Alternative or addition: instructions with overflow/carry flags #6

alexcrichton · 2024-08-14T15:22:51Z

Perhaps the primary alternative to this proposal that would try to solve the same original problem would be to add instructions that manipulate/expose the overflow flag directly from native hardware. This is lower level than 128-bit operations themselves and the theory is that 128-bit operations could be built from these lower level instructions. The original proposal explicitly did not propose this due to complexity of optimizing these instructions and the ease of achieving performance on desired benchmarks with 128-bit operations. In the CG meeting however it was brought up that these lower-level primitives might be a better choice.

This issue is intended to be a discussion location for continuing to flesh out the flags-vs-128-bit-ops story. More thorough rationale will be needed in later phases to either explicitly use flag-based ops or not. This will likely be informed through experience in implementations in other engines in addition to performance numbers of relevant benchmarks.

alexcrichton · 2024-08-20T18:57:59Z

I've opened #10 with some more discussion behind the background of this proposal. It notably outlines the possible shape of these instructions plus why they had bad performance in Wasmtime with the initial implementation.

alexcrichton · 2024-08-26T20:29:00Z

One concern I might have with going exclusively with overflow/carry flags is that platforms like RISC-V don't have the same instructions as x86/aarch64 and they might be slower. For example implementing i64.add_with_carry_u on RISC-V to achieve 128-bit addition might end up being slower than what RISC-V already generates today. I'm not aware of other platforms missing these instructions, though, so RISC-V may be the only one affected and I additionally do not have a machine to benchmark on to confirm this hypothesis one way or another.

waterlens · 2024-09-03T14:42:18Z

One concern I might have with going exclusively with overflow/carry flags is that platforms like RISC-V don't have the same instructions as x86/aarch64 and they might be slower. For example implementing i64.add_with_carry_u on RISC-V to achieve 128-bit addition might end up being slower than what RISC-V already generates today. I'm not aware of other platforms missing these instructions, though, so RISC-V may be the only one affected and I additionally do not have a machine to benchmark on to confirm this hypothesis one way or another.

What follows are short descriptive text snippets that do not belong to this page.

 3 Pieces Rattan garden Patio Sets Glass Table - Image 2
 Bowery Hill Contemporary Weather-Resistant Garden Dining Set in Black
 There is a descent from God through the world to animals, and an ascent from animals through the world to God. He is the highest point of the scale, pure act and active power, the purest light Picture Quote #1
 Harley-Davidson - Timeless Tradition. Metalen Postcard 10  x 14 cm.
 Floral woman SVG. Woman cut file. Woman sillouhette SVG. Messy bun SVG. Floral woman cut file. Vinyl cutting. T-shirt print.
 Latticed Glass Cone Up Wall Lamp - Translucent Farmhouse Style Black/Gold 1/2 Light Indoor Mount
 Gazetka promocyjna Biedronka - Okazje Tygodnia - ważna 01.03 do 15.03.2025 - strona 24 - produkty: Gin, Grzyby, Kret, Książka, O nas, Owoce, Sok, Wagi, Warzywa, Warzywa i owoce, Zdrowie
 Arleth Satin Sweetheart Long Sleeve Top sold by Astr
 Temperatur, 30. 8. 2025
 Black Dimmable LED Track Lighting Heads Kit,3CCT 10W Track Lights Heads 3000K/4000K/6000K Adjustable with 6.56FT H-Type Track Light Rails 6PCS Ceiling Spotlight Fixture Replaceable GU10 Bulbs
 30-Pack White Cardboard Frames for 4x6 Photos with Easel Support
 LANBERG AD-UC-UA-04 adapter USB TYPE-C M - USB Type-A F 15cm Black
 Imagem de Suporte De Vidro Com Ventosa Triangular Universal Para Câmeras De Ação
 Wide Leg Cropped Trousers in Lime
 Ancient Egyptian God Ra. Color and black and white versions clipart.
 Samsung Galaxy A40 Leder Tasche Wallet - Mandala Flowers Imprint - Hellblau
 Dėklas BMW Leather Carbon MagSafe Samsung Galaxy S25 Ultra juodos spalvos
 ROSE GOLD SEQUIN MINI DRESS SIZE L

It is more likely to be a problem with the design of RISC-V ISA itself, as suggested by this discussion. It could be a big sacrifice for WASM if we give up such common operations on other hardware platforms, just because RISC-V people currently don't care about this.

alexcrichton · 2024-09-04T20:48:36Z

That's a good point! I should clarify that it's something I think is worth measuring, but I don't think it's a showstopper preventing such an alternative such as this.

Orthogonally I wanted to flesh out some more numbers on this of what I'm measuring locally. Using the benchmarks in https://github.com/alexcrichton/wasm-benchmark-i128 I measured the slowdown relative-to-native of wasm today, with this proposal as-is with 128-bit ops, and then with this alternative instead of overflow/carry flags (plus i64.mul_wide_*). Each column in the table is a different wasm binary benchmarked and each row is a benchmark. Lower is better as it means it's closer to native. This was collected with Wasmtime 25ish and on Linux x86_64.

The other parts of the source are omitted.